“Together we shall write an American story of hope, not fear, of unity, not division. Of light, not darkness. A story of decency and dignity, love and healing, greatness and goodness.”
That was part of Joe Biden’s inaugural address as he took his Oath of Office and became the 46th President of the United States at 8:48 a.m. Pacific time on Jan. 20.
The previous night, Biden, his wife Dr. Jill Biden, along with Kamala Harris, now the Vice President and her husband, Doug Emhoff, hosted a ceremony where 400 lights were lit around the Lincoln Memorial’s reflecting pool to honor the 400,000 people in the U.S. who have died from COVID-19.
The ceremony came on the last full day of Donald Trump’s presidency, and exactly one year to the day after the first case of coronavirus was confirmed in the United States.
Harris breaks ground as the first woman, first Asian American, and first Black woman to ever hold the vice presidency.
“This is a truly meaningful moment in history for our country, including for so many women, people of color and immigrants,” said fellow South Asian Rep. Pramila Jayapal.
For some, it might feel like waking up from a nightmare that lasted four years. For others, it might feel like disappointment in the changing of the guard. Whatever the case for you, we must remember that we all have one thing in common—we all want the same thing. We all want to live and go about our lives in peace, to love and be loved, to be safe, for our loved ones to be safe, and to experience joy and fulfillment.

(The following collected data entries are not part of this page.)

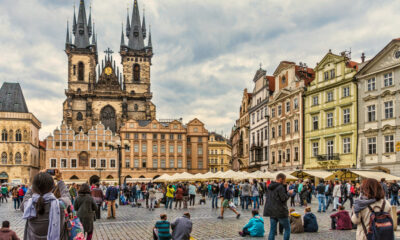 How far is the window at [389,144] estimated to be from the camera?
34000mm

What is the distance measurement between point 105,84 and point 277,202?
272ft

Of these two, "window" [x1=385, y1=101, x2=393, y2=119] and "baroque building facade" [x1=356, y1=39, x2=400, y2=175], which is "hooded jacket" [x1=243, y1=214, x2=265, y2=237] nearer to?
"baroque building facade" [x1=356, y1=39, x2=400, y2=175]

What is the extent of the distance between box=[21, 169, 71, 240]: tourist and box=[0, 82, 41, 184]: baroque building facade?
68.3m

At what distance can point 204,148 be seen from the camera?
8062 centimetres

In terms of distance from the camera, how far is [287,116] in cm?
4666

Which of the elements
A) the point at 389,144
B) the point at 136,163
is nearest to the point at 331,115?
the point at 389,144

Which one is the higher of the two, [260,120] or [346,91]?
[346,91]

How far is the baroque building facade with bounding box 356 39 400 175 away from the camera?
33.8m

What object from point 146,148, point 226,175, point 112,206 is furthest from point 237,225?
point 146,148

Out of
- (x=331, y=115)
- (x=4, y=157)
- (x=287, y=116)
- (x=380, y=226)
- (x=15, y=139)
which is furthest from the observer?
(x=15, y=139)

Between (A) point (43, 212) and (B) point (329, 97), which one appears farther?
(B) point (329, 97)

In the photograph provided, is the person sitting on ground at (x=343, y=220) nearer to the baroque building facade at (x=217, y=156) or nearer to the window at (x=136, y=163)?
the window at (x=136, y=163)

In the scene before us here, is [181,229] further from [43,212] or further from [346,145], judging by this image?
[346,145]

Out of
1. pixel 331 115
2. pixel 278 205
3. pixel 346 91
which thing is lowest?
pixel 278 205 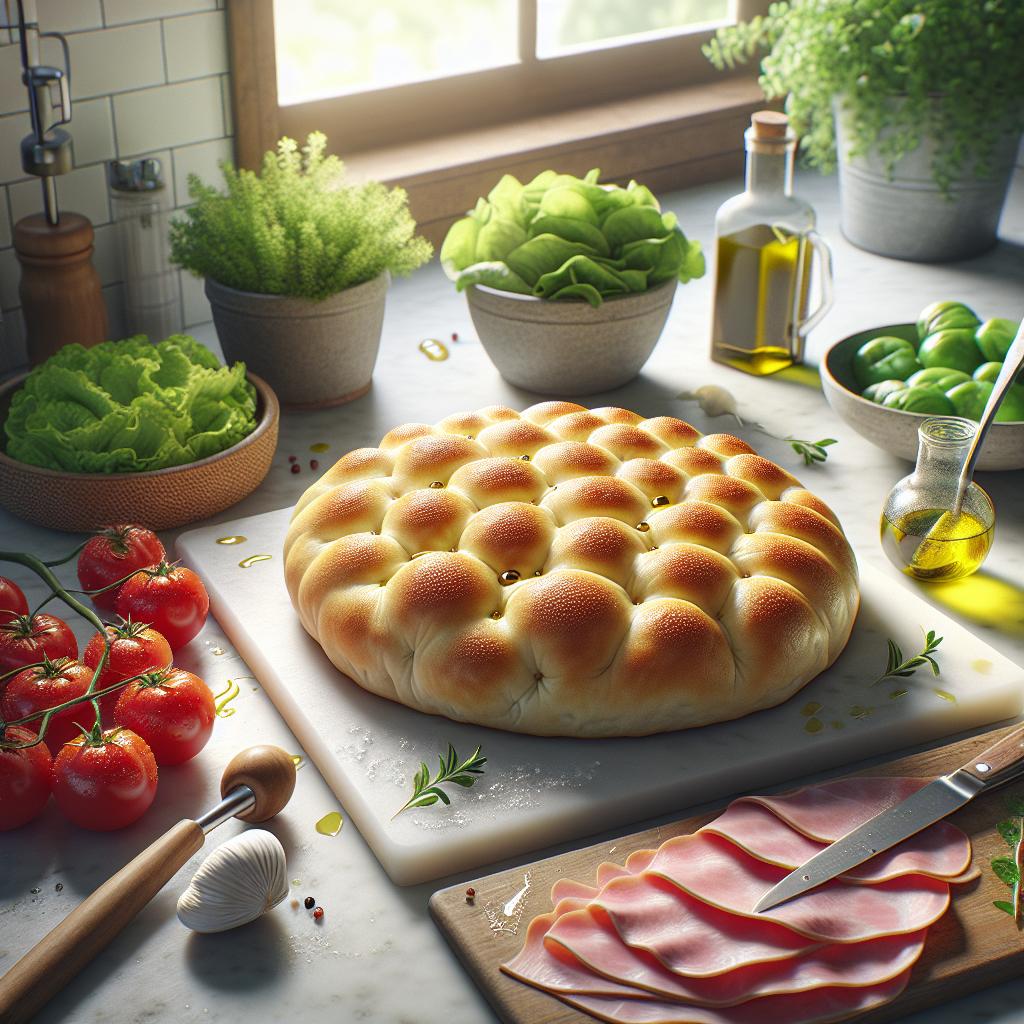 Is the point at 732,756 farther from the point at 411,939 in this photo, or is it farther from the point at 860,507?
the point at 860,507

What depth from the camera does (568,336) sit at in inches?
65.6

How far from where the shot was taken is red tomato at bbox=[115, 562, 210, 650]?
3.92 feet

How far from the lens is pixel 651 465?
1274mm

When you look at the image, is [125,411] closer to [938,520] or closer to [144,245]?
[144,245]

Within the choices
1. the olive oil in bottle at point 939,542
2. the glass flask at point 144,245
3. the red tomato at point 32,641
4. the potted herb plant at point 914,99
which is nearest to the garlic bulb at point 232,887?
the red tomato at point 32,641

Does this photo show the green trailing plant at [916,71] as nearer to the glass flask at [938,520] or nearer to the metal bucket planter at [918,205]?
the metal bucket planter at [918,205]

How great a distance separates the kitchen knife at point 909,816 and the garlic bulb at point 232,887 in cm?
33

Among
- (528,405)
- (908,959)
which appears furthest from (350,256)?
(908,959)

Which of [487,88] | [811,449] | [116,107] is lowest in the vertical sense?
[811,449]

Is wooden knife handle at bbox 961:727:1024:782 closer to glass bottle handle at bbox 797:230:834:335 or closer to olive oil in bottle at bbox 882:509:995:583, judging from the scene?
A: olive oil in bottle at bbox 882:509:995:583

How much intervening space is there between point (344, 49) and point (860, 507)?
1.25 meters

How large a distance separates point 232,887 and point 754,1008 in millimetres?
353

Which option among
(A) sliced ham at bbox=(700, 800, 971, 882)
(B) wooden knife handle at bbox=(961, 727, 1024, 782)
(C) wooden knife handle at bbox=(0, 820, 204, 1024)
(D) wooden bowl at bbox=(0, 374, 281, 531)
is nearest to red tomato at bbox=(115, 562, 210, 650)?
(D) wooden bowl at bbox=(0, 374, 281, 531)

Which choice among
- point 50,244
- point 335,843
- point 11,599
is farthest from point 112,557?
point 50,244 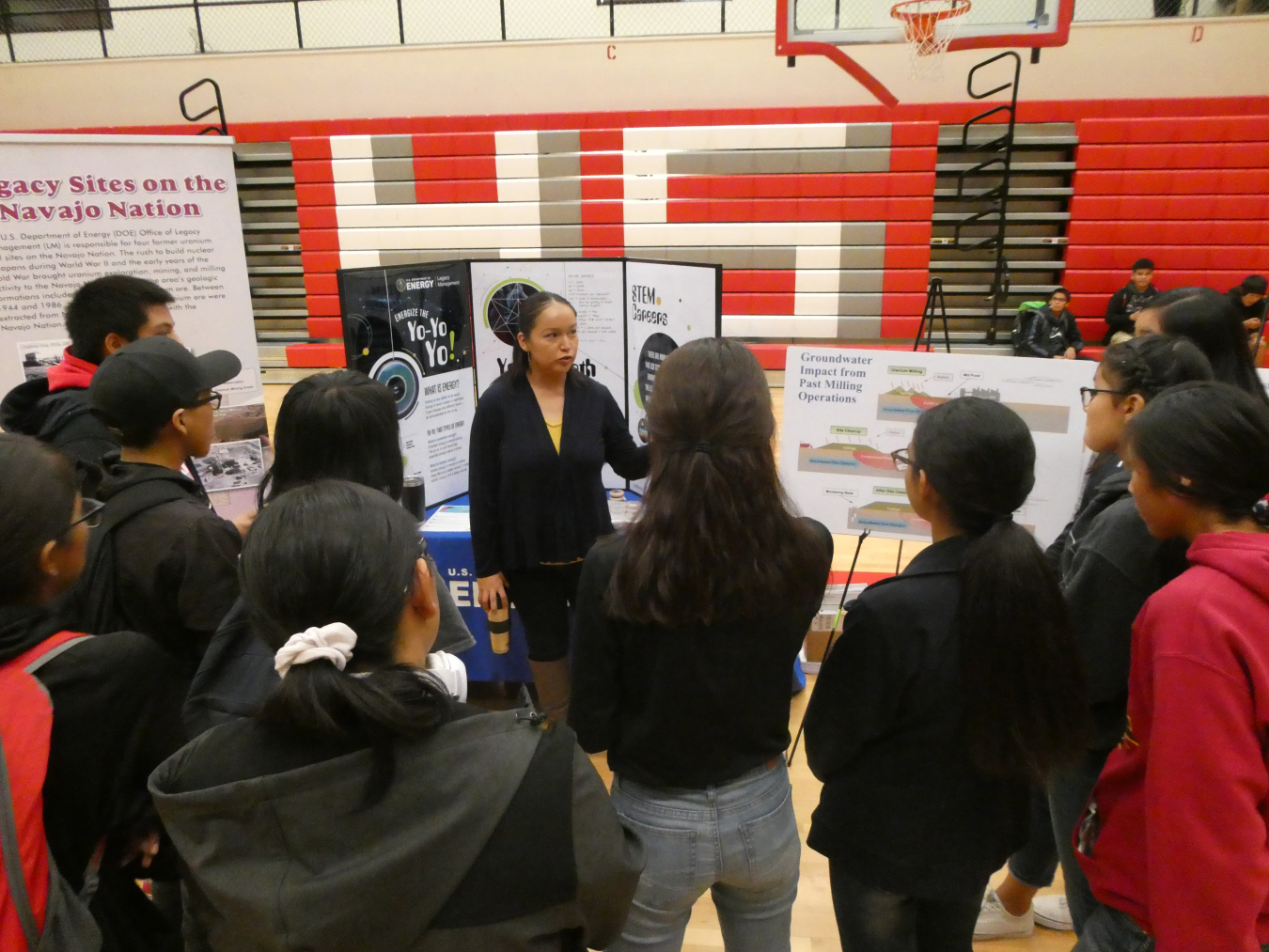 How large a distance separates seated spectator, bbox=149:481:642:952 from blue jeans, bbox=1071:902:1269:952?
0.88 m

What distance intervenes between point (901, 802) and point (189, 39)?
410 inches

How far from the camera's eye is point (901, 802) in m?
1.31

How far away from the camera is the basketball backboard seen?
18.1 feet

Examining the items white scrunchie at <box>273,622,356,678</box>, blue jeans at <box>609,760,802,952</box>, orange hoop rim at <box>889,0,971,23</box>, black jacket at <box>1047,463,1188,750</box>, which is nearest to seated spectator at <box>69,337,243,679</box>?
white scrunchie at <box>273,622,356,678</box>

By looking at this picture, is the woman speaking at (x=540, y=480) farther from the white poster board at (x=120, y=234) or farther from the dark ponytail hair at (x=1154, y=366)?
the white poster board at (x=120, y=234)

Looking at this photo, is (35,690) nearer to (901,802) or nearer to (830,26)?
(901,802)

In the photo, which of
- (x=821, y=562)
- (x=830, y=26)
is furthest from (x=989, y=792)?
(x=830, y=26)

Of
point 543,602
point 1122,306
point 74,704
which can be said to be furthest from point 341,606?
point 1122,306

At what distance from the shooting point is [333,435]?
151 cm

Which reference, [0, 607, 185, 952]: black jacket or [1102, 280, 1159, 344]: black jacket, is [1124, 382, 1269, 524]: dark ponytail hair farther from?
[1102, 280, 1159, 344]: black jacket

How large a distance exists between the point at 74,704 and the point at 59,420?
1373mm

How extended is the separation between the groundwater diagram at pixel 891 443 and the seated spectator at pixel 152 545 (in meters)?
1.74

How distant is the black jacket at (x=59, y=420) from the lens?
6.77 ft

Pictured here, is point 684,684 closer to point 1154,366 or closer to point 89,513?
point 89,513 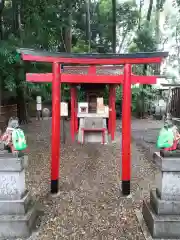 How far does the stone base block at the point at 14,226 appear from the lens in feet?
11.1

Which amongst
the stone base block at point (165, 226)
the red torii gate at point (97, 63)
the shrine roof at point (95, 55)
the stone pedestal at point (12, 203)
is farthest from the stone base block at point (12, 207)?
the shrine roof at point (95, 55)

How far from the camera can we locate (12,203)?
11.2 feet

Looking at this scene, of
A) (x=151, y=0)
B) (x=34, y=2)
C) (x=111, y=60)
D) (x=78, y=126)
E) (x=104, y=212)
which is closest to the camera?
(x=104, y=212)

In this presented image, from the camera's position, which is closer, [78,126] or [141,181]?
[141,181]

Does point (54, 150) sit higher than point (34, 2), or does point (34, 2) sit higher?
point (34, 2)

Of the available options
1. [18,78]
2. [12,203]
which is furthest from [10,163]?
[18,78]

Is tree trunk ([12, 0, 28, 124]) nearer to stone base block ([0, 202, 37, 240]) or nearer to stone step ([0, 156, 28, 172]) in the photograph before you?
stone step ([0, 156, 28, 172])

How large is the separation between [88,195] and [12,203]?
185 cm

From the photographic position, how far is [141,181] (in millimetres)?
5652

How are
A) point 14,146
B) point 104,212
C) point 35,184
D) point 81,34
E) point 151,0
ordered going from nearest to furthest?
point 14,146 < point 104,212 < point 35,184 < point 151,0 < point 81,34

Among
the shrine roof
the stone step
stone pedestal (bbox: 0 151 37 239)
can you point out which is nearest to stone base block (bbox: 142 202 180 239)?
stone pedestal (bbox: 0 151 37 239)

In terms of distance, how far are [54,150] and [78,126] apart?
19.5 ft

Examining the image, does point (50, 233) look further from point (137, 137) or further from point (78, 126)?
point (137, 137)

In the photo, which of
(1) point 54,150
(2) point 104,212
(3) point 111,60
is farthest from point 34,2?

While we may disagree on how to get there, let’s not lose sight of the importance of diversity of thought, and contrast. We cannot fully appreciate joy without sorrow, or health without sickness.
Let’s choose to see this new administration as an opportunity to focus on common ground, on love. To focus on solutions, not problems.
In his book, “Love is Letting Go of Fear,” Gerald Jampolsky wrote, “We are always expressing either Love or fear. Fear is really a call for help, and therefore a request for Love.”
In his inaugural speech, Biden said, “May this be the story that guides us, the story that inspires and the stories that tell ages yet to come that we answered the call of history. We met the moment, democracy and hope, truth and justice did not die on our watch but thrived, that America secured liberty at home and stood once again as a beacon to the world.”